The United States Court of Appeals for the Second Circuit found in favor of the trustee (the Trustee) presiding over the liquidation of Bernard L. Madoff Investment Securities (BMIS), affirming the Trustee’s calculation of “net equity” in the BMIS liquidation. The Trustee calculates net equity to determine the value of claims submitted by victims of Madoff’s massive fraud.

The dispute focused on two methods for calculating net equity. The Trustee argued that net equity should be based on the ‘Net Investment Method,’ which credited the amount of cash deposited by the customer into his or her BMIS account, less amounts withdrawn. The customers objecting to the Trustee’s proposed method advocated the so-called ‘Last Statement Method,’ which would calculate net equity based on the market value of securities reflected on their last BMIS customer statements.

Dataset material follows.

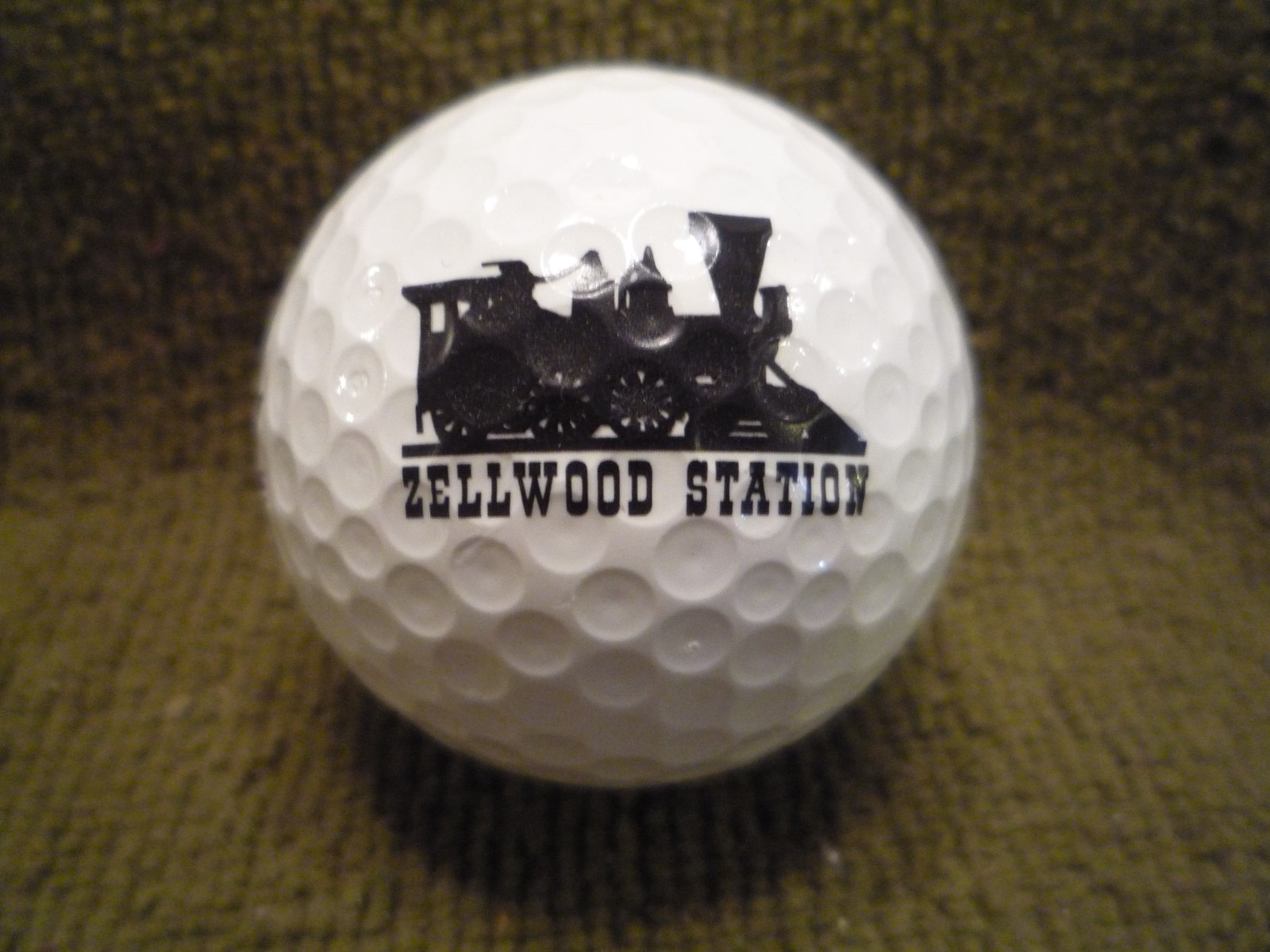 ZELLWOOD STATION Golf Course logo golf ball (Zellwood, FL) ~ unused [#F.1]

After reviewing the relevant statutory provisions, the Second Circuit ruled in favor of the Trustee and the Net Investment Method, holding that the last statements, produced by Madoff and his fraudulent enterprise were totally unreliable, and that “if the Trustee had permitted the objecting claimants to recover based on their final account statements, this would have ‘affected the limited amount available for distribution from the customer property fund’ . . . . The inequitable consequence of such a scheme would be that those who had already withdrawn cash deriving from imaginary profits in excess of their initial investment would derive additional benefit at the expense of those customers who had not withdrawn funds before the fraud was exposed.” In so ruling, the court was careful to say that the Net Equity Method was not the only way for a Securities Investor Protection Act trustee to calculate net equity, and that the facts and circumstances of particular cases could oftentimes require a different method to be used.

In re Bernard L. Madoff Investment Securities LLC, 10-2378 (2d Cir. August 16, 2011).